March 31, 2013 @ 1:15 am GMT0
Brattle Theatre


2013, USA, 85 min.
Director E.L. Katz
Screenwriter Trent Haaga, David Chirchirillo
Cast Pat Healy, Ethan Embry, Sara Paxton, David Koechner, Amanda Fuller

What would you do for a Klondike bar? is transformed from dessert to just deserts, as two recently reunited friends are pitted against one another in a series of escalating bets by a couple of onepercenters looking for the eponymous jollies promised in E.L. Katz’s fiercely critical feature debut.

When Craig (Pat Healy) gets hit with a layoff, he heads to the bar to hit the bottle for temporary respite. At this seediest of watering holes he reconnects with an old friend (Ethan Embry) whose life has meandered out of prison and into loanshark waters since they last saw one another. While the two play catch-up, they catch the eye of Colin (David Koechner) and his blasé bride Violet (Sara Paxton). In one fell $300-tequila-bottle swoop, it becomes clear this power couple has money to spare as friendly dares with friendlier pricetags are dangled before these two down-and-out dudes in a friendly game of one-upmanship. When they take the party home, the night spirals out of control as the outlandish dares begin to resemble Pasolini’s Jackass.
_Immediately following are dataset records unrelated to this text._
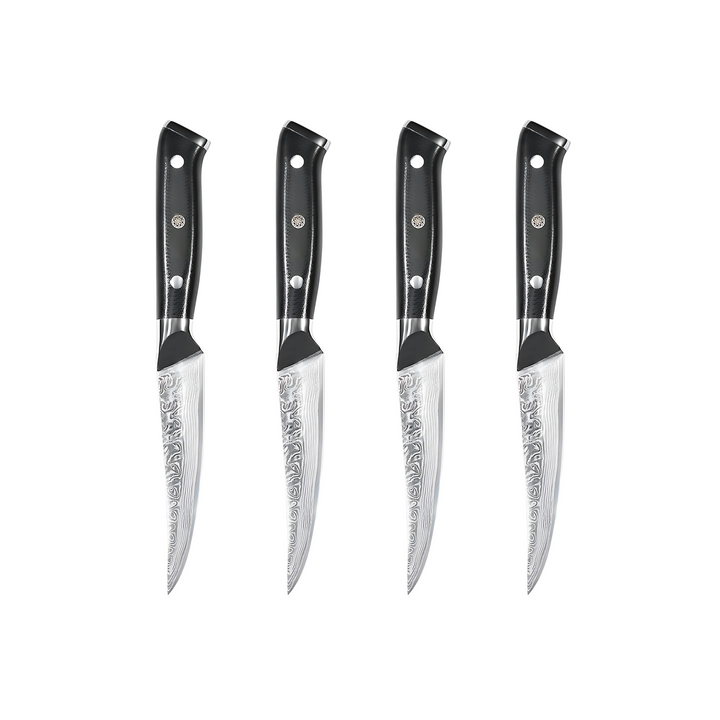 Steak Knife Set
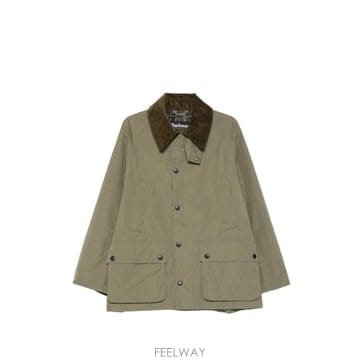 Barbour 26 FW �ٹ� �ڵ���� Į�� ��Ŷ MCA0933GN51 TP45845969026 FW �ٹ� �ڵ���� Į�� ��Ŷ MCA0933GN51 TP458459690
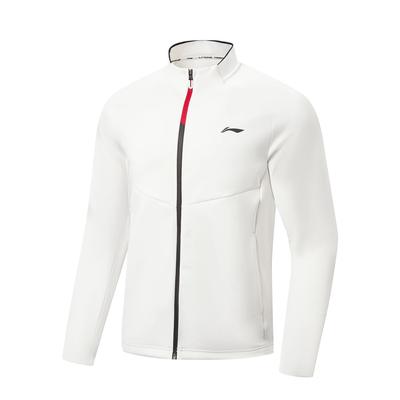 Simple Versatile Casual Soft Jacket Men Jackets AFDW531-2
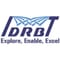 Institute for Development and Research in Banking Technology logo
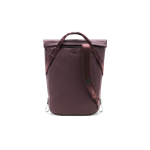 Peak design Everyday TotePack 20L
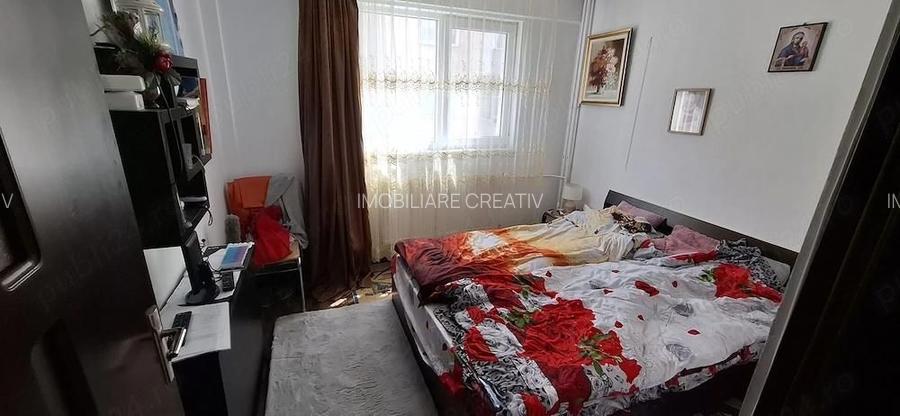 Apartament 2 camere de vanzare in Drumul Taberei - 2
Humanity has a hardwired history of reveling in the misery of those condemned to the lower echelons of society. From gladiatorial displays of bravado to the gross-out fascination ofFear Factor, in this dog-eat-dog world, a man will eat dog if he has to, especially when high stakes command the price of dignity. Chirchirillo & Haaga weave a soberingly cruel and hilarious parable that cuts flesh, pound for pound, and evaluates its monetary worth through the actions of a pair of desperate men reduced to bourgeoisie playthings.
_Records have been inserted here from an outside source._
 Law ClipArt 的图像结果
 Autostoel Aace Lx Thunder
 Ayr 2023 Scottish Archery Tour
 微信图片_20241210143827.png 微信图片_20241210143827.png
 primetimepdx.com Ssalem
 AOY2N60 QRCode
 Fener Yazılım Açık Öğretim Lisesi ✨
Where 1987’s Eat the Rich shoves a blackly comedic proletariat agenda down the titular rich’s (and the viewers’) throats, Cheap Thrills prefers a subtly left-leaning but-no-less-blackly-comedic shiv to the McRibs, appealing to our sense of humanity by forcing us to witness the devastating and utterly convincing dissolution of our everyman hero’s very own.

— Nicole McControversy


As Human As Animal, Kristina Klebe, 5 min.
A lonely man (Diamond Dallas Page) with a dark past resides in an even darker present.